Second is the Japanese elections scheduled for October 22. Prime Minister Shinzo Abe is bidding to become the longest-serving leader of his country. He seems determined to enlarge Japan’s security footprint by continuing to beef up its defence forces and seek changes to its pacifist post-war constitution.
From an Australian perspective, the North Korean nuclear crisis invests both the reaffirmation – and strengthening – of Xi’s leadership for another five years, and the re-election of Abe, with particular importance.
In 2016, China ranked first and Japan second as a destination for Australian merchandise trade exports. Trade in services to China ranked first, and Japan ranked eighth.
Japan’s economic and security importance to Australia tends to be underplayed. But it’s worth noting that Japanese investments in Australia are more than double China’s.
Xi’s signature statement to the party congress assumes critical importance given China’s expanding global leadership amid concerns about the Trump administration’s commitment to such a role.

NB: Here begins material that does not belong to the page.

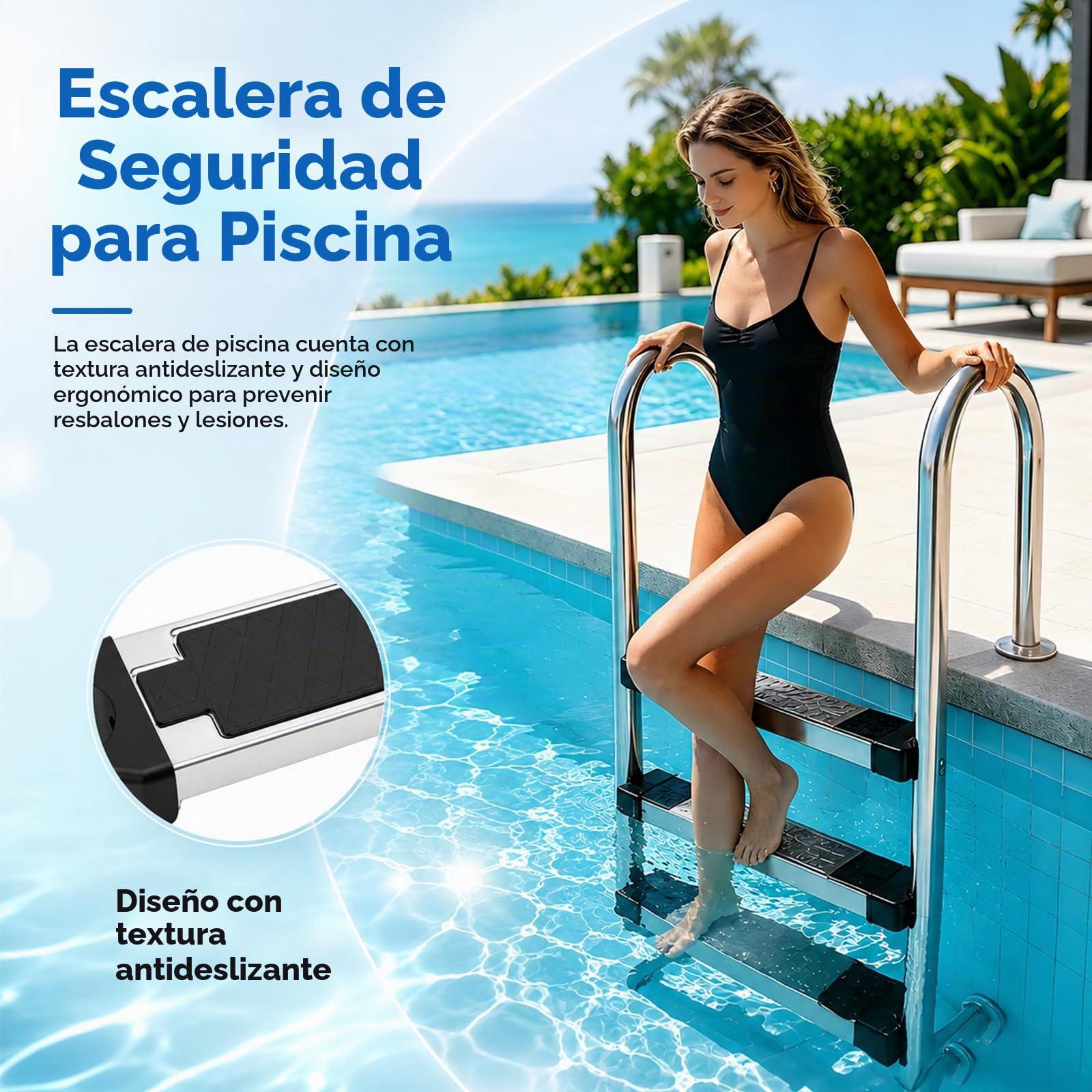 Peldaños para Escaleras de Piscina, Juego de 2 Peldaños Antideslizantes Repuesto de Acero Inoxidable Pedal Universal para Escalera Accesorio Antideslizante Piezas para Escaleras de Piscina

Each word and sentence will be parsed for its implications for regional and global security, and for the direction in which he plans to take the world’s second-biggest economy over the next five years.
This will be a speech – given the circumstances of China’s continued rise – that will rank with a US presidential State of the Union address.

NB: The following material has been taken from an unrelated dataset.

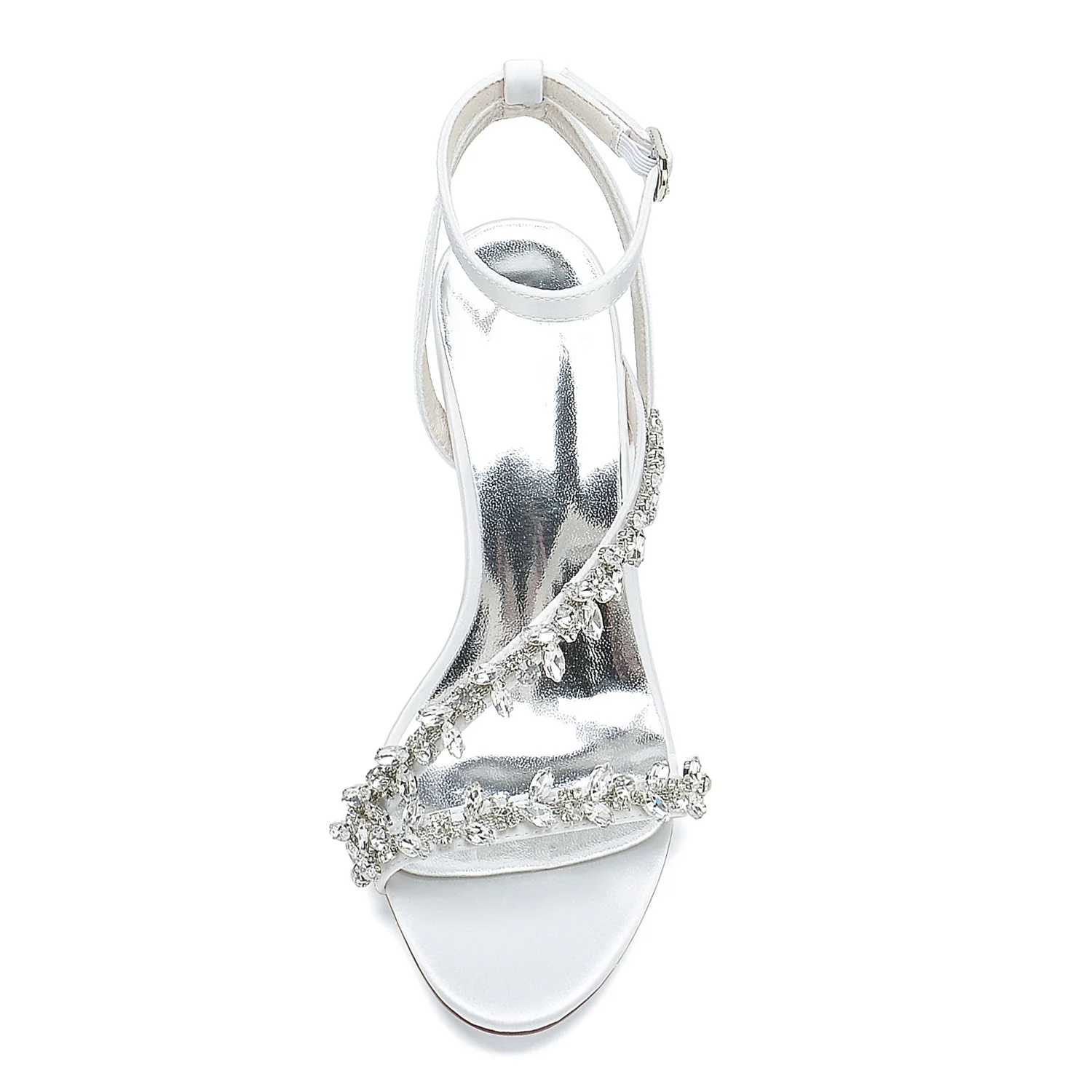 Women's Wedding Shoes White Strappy Rhinestone Opened Toe Block Heel Bridal Shoes - Image 6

The party congress will stretch over the best part of a week, and will be closely observed for indications of Xi’s continuing efforts to strengthen his grip on China’s leadership. As things stand, he has emerged as the most powerful Chinese leader since Deng Xiaoping.
Given his relative youth in Chinese leadership terms, the 64-year-old Xi may well be ruling for the next decade – in other words an additional five-year term past 2017 to 2022. This is well past a nominal retirement age of 68.
In a paper for the Carnegie Endowment for International Peace, Michael Swaine painted a generally optimistic picture of China’s continued evolution under a dominant Xi. However, he also acknowledged that China’s continued rise would inevitably result in tensions over:
… trade, investment, sovereignty rights, and a variety of anxieties involving Chinese and US or Japanese military forces in the Western Pacific.
There’s no doubt Xi and the Chinese leadership are seeking to more effectively use China’s growing international presence to promote the nation’s interests in such sensitive. As a result, tensions with China will in fact likely increase.
The good news is that, rather than marking a turn toward confrontation between China and the West and Japan, the 19th Party Congress will likely signal a high level of stability and continuity in Chinese foreign policy. The bad news is that this continuity is unlikely to reduce the most serious challenges facing China’s relations with the United States and its allies.
In all of this, Japan’s importance in regional security calculations is likely to come more sharply into focus in the next period. This is investing Abe’s likely re-election with a super majority in the Diet in partnership with his Komeito allies with more-than-usual significance.
Latest opinion polls are predicting a surprisingly big win for the Abe-led Liberal Democratic Party (LDP) after indications he may have been struggling against the New Hope Party, which was formed on the eve of the election campaign by Tokyo Governor Yuriko Koike.
According to a poll in the Yomiuri newspaper and Kyodo news agency, the LDP-led coalition is on track to win 300 or more seats in the 465-member lower house. This would be an improvement on its standing in the previous parliament.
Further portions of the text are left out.